4. Voice control: driving by speech

Some people navigate entirely by talking to their device — “click Sign up,” “scroll down,” “go back.” This includes people with motor disabilities and people with repetitive strain injuries, and the technology is built into modern phones and computers (Voice Control on Apple devices, Voice Access on Android and Windows).

Voice control works by matching what the user says to the visible labels on the page. When they say “click Submit,” the software looks for something on screen that is named “Submit.” This is why the name of a button matters so much, and why a button that is just an icon — a magnifying glass, a little cart, three lines — with no text label is so hard to operate by voice: there is no word to say. It is also why the visible label and the underlying accessible name need to match. If a button reads “Search” but is secretly labelled “find-products” in the code, the user says “click Search” and nothing happens.

What this needs from you: controls that have real, visible, sensible names — and labels in the code that match the words people would actually say.

5. Captions, transcripts, and the quiet web

Not every barrier is about navigation. People who are deaf or hard of hearing need your video and audio content to carry its information in text, too. That means captions on videos (especially anything with a spoken message — a welcome video, a product demo, a founder’s note) and transcripts for podcasts or audio.

And captions are not only for people who cannot hear. A huge share of video on the web is watched on mute — in an office, on a train, next to a sleeping baby. Captions are one of those accessibility features that quietly help almost everyone, which is a recurring theme: the “ramp” built for one group ends up being the convenient entrance for many.

What this needs from you: captions on meaningful video, transcripts for audio, and — please — not relying on auto-generated captions alone for anything important, since they mangle names, numbers, and exactly the words that matter most.

6. Cognitive and attention differences: the web that holds still

The largest and most overlooked group is people with cognitive, learning, and attention differences — dyslexia, ADHD, memory conditions, anxiety, or just the ordinary fog of being tired, stressed, or distracted. They are not using special software. They are using your site the normal way, but they need it to be calmer and clearer than most sites are.

What helps them is plain language instead of jargon, short paragraphs, clear and consistent labels, and — critically — a page that does not move, flash, blink, auto-play, or restart on a timer while they are trying to read it.

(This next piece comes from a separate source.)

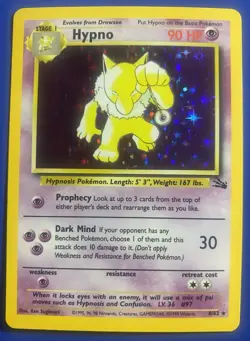 Pokemon TCG Hypno 8/62 Fossil Set Unlimited WOTC Holo Rare - Image 1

A carousel that rotates every three seconds, a form that times out and wipes their answers, a pop-up that ambushes them mid-sentence: each of these is a small cognitive tax, and for some users it is a wall.

What this needs from you: clear writing, predictable layouts, generous time limits (or none), and motion that the user controls rather than motion that controls the user.

The pattern underneath all six

Look back at the list and you will notice the same handful of fixes keep coming up: real labels, a logical structure, visible focus, text alternatives, designs that reflow, content that holds still and announces its changes. That is not a coincidence. Accessibility is not six hundred unrelated rules; it is a small set of principles that show up over and over because they map to how real human beings perceive and operate things.

It is also why “we’ll add a widget that fixes accessibility automatically” does not work. None of the six people in this tour are helped by a bolt-on overlay — they are helped by your headings being real headings, your buttons having names, your focus being visible. Those live in the bones of the page. The good news is that fixing them for one group almost always helps the others, and helps your ordinary customers too: clearer labels, faster navigation, content that works on every screen.

You do not have to solve all of this at once. Start by meeting one of these users. Turn on the screen reader on your phone, or unplug your mouse for ten minutes, and visit your own site. You will feel the barriers before you can name them — and once you have felt them, you will never un-see them in your own product again.